§ **DATA**:
↓↓↓

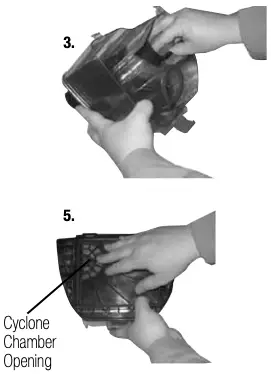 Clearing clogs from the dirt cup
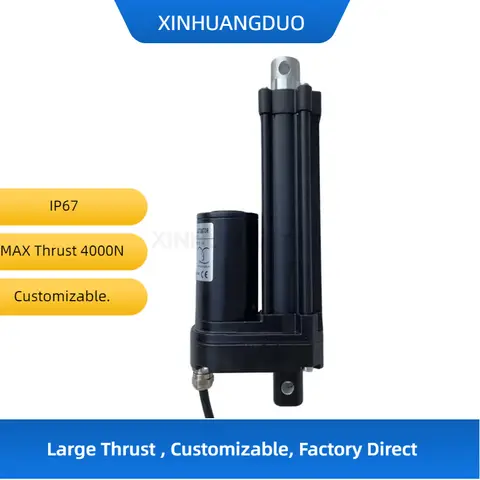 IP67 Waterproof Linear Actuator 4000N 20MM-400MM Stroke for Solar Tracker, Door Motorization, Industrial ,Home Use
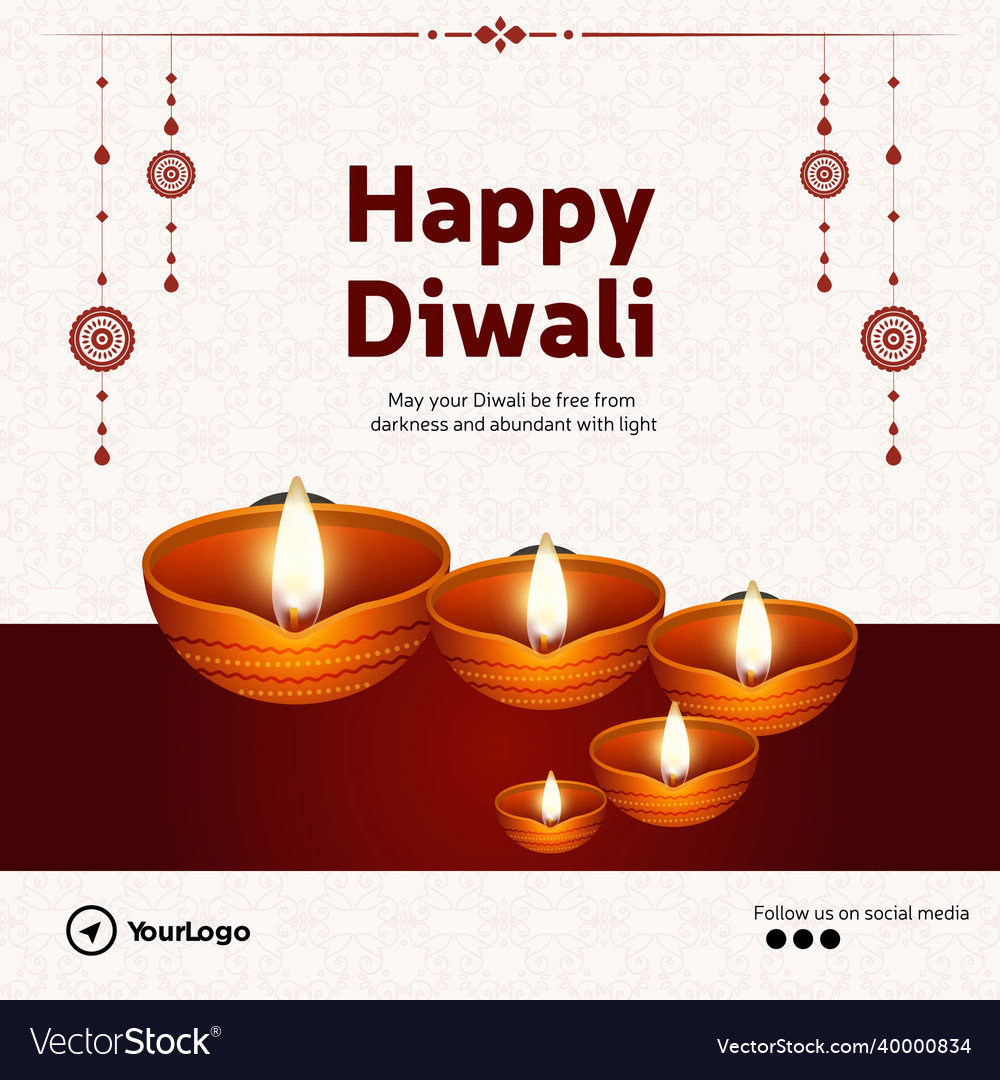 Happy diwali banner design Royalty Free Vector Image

↑↑↑
↓↓↓

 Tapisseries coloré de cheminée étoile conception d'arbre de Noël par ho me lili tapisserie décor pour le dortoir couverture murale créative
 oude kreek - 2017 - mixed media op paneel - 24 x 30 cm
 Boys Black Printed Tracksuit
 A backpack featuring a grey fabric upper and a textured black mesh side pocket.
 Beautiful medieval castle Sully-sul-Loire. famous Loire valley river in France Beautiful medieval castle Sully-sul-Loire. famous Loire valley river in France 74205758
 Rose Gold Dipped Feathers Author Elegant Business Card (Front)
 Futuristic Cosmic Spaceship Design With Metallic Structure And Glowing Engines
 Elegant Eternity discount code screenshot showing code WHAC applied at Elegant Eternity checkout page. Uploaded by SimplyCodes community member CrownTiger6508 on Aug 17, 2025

↑↑↑
↓↓↓

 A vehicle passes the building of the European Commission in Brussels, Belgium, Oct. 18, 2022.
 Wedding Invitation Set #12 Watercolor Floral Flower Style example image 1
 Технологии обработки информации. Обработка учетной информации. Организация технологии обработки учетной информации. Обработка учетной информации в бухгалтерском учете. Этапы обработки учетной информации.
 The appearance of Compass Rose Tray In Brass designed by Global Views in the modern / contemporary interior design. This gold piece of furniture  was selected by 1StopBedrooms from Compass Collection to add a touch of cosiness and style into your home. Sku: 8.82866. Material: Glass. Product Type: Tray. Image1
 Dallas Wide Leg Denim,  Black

↑↑↑

§ **WHAT TO PRODUCE**:
For the listing above, work out how many lines contain the string "Elegant" and return only that figure.

§ **RESPONSE AREA**:
2